Surface Detail
Surface Detail by Ian M. Banks — 2010
Another really good but sadly the penultimate entry of the Culture series. Felt quite short, even though it’s one of the longer books. Time really flies when doing something one enjoys…
Very well written in my opinion, excellent humor, especially when the character of Demeisen is involved. It does exactly those things well that I complained about in Inversions: It has a great finale, but the arc leading up to it is also very engaging. I think Demeisen embodies everything that I like about this book series.
The story hinges on the “War in heaven”, a conflict about the morality of artifical, punitive afterlives, a.k.a. hells. With the absence of deity-based religions, some civilizations created their own hells to provide a realistic threat of (almost) eternal punishment for potential “sinners”. Reminded me of Roko’s basilisk and I have no mouth and I must scream. The war is also being fought inside virtual realities, as ironically both sides agree that real war is simply too barbaric. Circumstances in these simulated hells are described in excruciating detail, which I found intriguing in their absurdity.
I think I give up trying to classify whether I like this one more or less than some of the other books that I really liked. It seems a bit pointless to reduce such complex concepts as the experience of reading a good book to a single ordering. They all have their qualities and shortcomings.

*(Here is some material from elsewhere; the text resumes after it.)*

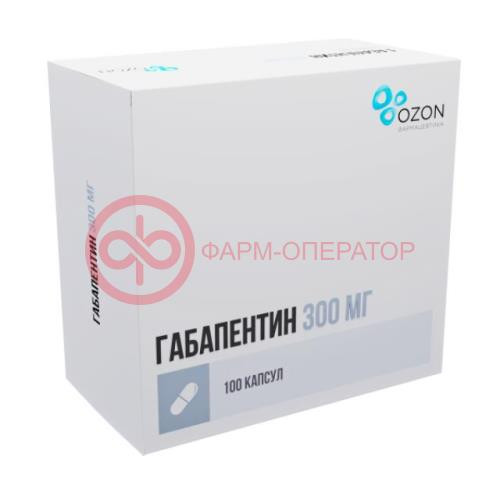 Габапентин капсулы 300мг №100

However, some things I would have like to have had included are a description of the other afterlives, i.e. heavens and how the dead are actually brought to either. In Look to Windward, a device called a soulkeeper is introduced that can capture the mind-state of a person when they die. A Culture neural lace can be used for the same purporse, but the Culture isn’t running a hell and Chel is merely mentioned and only in a different context.